Railroad Forums 

  • New York Central G style GRS signal placement

  • Discussion relating to the NYC and subsidiaries, up to 1968. Visit the NYCS Historical Society for more information.
Discussion relating to the NYC and subsidiaries, up to 1968. Visit the NYCS Historical Society for more information.

Moderator: Otto Vondrak

 #1488374  by GRSdave
 
I am new here and have been reading these forums for years.

My question is, Why did New York Central in the late 50's place their G style signals in such a way?

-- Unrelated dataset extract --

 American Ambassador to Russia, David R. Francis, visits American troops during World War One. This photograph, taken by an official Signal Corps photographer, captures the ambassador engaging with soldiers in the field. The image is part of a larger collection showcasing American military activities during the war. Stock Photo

Top signal centered and then second G signal below placed slightly to the right for a particular track. My only
conclusion is, that is the way the earlier original semaphores were placed. They were bigger so as one would not
block the view of the another. MOW just mounted the new G's that way because it was easy, or was there a more important reason?

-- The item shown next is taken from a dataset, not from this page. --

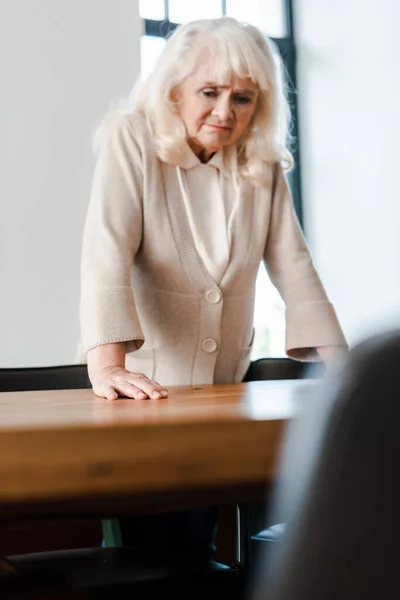 Upset Elderly Woman Standing Table Self Isolation Selective Focus — Stock Photo, Image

I notice that new Conrail installs where mounted perfectly vertical.

Thanks to anyone who replies and I love all the information y'all impart.

Dave in Cleveland, Ohio
 #1488511  by GRSdave
 
I found this in a Google search that shows in the diagram what I am describing. Looks like it was official
from the NYC System Signal Department.
Attachments:
NYC-Signals-1963 GRS-G.jpg
NYC-Signals-1963 GRS-G.jpg (52.61 KiB) Viewed 3901 times
 #1488549  by ExCon90
 
They started drifting away from that as early as 1969 or -70 on the Harlem (which had searchlights) and made them all vertical. I never found out why; off-vertical placement for automatic signals was common on many railroads, and I always thought it was a good idea.
 #1488966  by urrengr2003
 
Staggered Signal Heads denoted an Automatic Signal whose most restrictive aspect was Stop & Proceed. Vertical Signal Heads denoted a Home Signal whose most restrictive aspect was Stop. Automatic Signals were controlled by the movement of trains while Home Signals were controlled by Towermen (Operators, Dispatchers, Levermen, TCS machines). It took a human action to clear a Home Signal, Automatic Signals cleared with the movements of trains thru their blocks. This practice was continued from semaphores to SA-1 Searchlights when TCS was implemented.

NYC staggered their Automatic Signals to the left while adjacent railroad D&H staggerd their Automatics to the right. Just a note on individual carrier preferences to denote signal types.